Alya gelisah.  Peluhnya membanjir,  mengalir dari kepala sampai membuat ketiak dan punggungnya gatal. Bagaimana bisa  tidur jika Alya sadar jika dirinya berada di kamar asing. Suara AC yang berisik pun bukan miliknya. Ia terjebak entah sejak berapa lama. Yang Alya ingat sebelum ia sadar dari tidur panjang, dirinya masih ada di mobilnya sendiri, hendak pulang dari kantor.
Beberapa menit berpikir, kepala Alya pusing. Lalu ia mendengar suara pintu kamar asing dibuka, kunci berputar seiring degup jantung Alya yang semakin cepat. Hitungan menuju kematian dimulai.

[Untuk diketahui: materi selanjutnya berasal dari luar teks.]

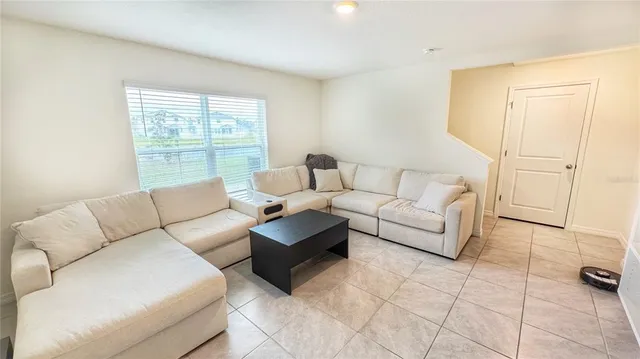 $2,850 | 1206 Tahitian Sunrise Drive, Plant City, FL 33565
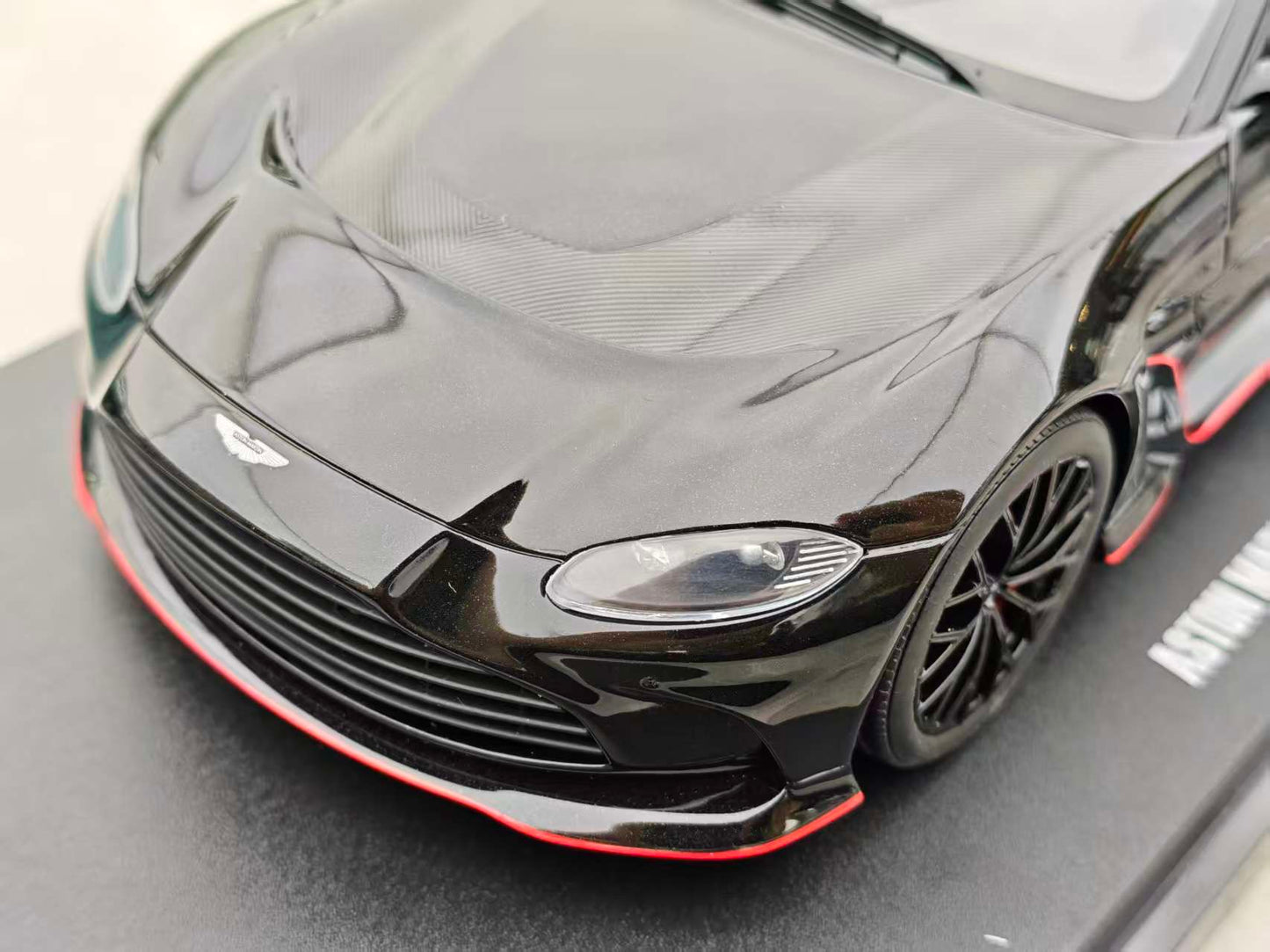 GT Spirit 1/18 ASTON MARTIN V12 VANTAGE6 GT923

"Aku akan mati." Pikir Alya, mengira-ngira siapa  yang menculik dan menyekapnya.
Tak ada siapapun yang masuk kamar. Alya jadi makin penasaran. Ia beranikan diri membuka pintu dan tidak ada siapa-siapa di sana.
Ada darah. Lantai marmer putih gading yang asing di mata Alya itu dipenuhi ceceran darah. Anyir. Bulu kuduk Alya meremang. Alya memeriksa tubuhnya sendiri, apa ia sudah mati? Apakah sekarang ia menjadi setan penasaran?
"Mati, mati. Dia mati."
Suara itu bergema. Ngeri.
Alya memasuki kamar lainnya. Dua orang perempuan terikat, perut penuh noda darah.
"Mati, mati. Mereka mati." Suara itu bergema lagi.
Alya memekik. Lalu jatuh terduduk. Darah di lantai menempel di blus kuningnya.
"Selamat tinggal, Alya Baik Hati. Ini malam perpisahanmu dengannya, mati. Selamat datang di pesta kematian orang-orang menyebalkan itu." Suara mengerikan itu keluar dari tenggorokan Alya sendiri.
Ia menunduk lalu ingat, dua orang yang mati itu pernah merebut pacarnya dan menyiksanya.
"Ha ha, mati. Selamat tinggal Alya Baik Hati." Teriak Alya yang lupa jika beberapa menit sebelumnya ketakutan.